Grievous, whipped up by Industrial Light & Magic creature specialist Rob Coleman, is a wonderfully grotesque creation. Resembling a lurching, robotic vulture, the general appears to be all machine until you look closely: His eyes are fleshy, and he still has a few essential organs. He is, in a sense, a prototype for Darth Vader — albeit one with a hacking case of bronchitis and a slew of retractable arms, which he fiendishly uses against Obi-Wan in a breathtaking four-on-one light-saber duel.
Say what you want about Lucas’ one-take directing style, his over-reliance on blue screens or his cheesy tendency to reference himself ("I got a bad feeling about this!" someone intones, for the umpteenth time), but his imagination is as fertile as ever. I’m not talking about the giant salamander that Obi-Wan rides like a quarter horse (though that was pretty awesome), but the way in which Lucas — against all better judgment — manages to shoehorn a Sith/Republican analogy into the script. "If you’re not with me, you’re against me," Palpatine spits at one of his naysayers, echoing the words of another powerful man, not so long ago, in this galaxy. When Yoda attempts to filibuster Palpatine’s power grab on the Galactic Senate floor, the results are predictably spotty for the minority.

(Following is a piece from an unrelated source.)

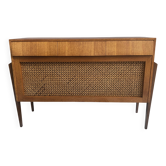 Petit buffet en teck avec façade sanglée, années 1960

Politics aside, "Sith" features the most exciting 30 minutes that any rational fan could ask for, when Obi-Wan and Anakin finally face each other on the planet Mustafar, a molten globe of lava and volcanic geysers that apparently depleted its ozone layer eons ago.
As Obi-Wan, McGregor ("Big Fish") keeps looking like a better and better choice to succeed/precede Alec Guinness, and in the Mustafar sequence — after all the lightsabering is done — he imparts the most pained, achingly regretful acting of his career. Darth Vader might dominate the discussion boards, but we all know who the real star of this trilogy is.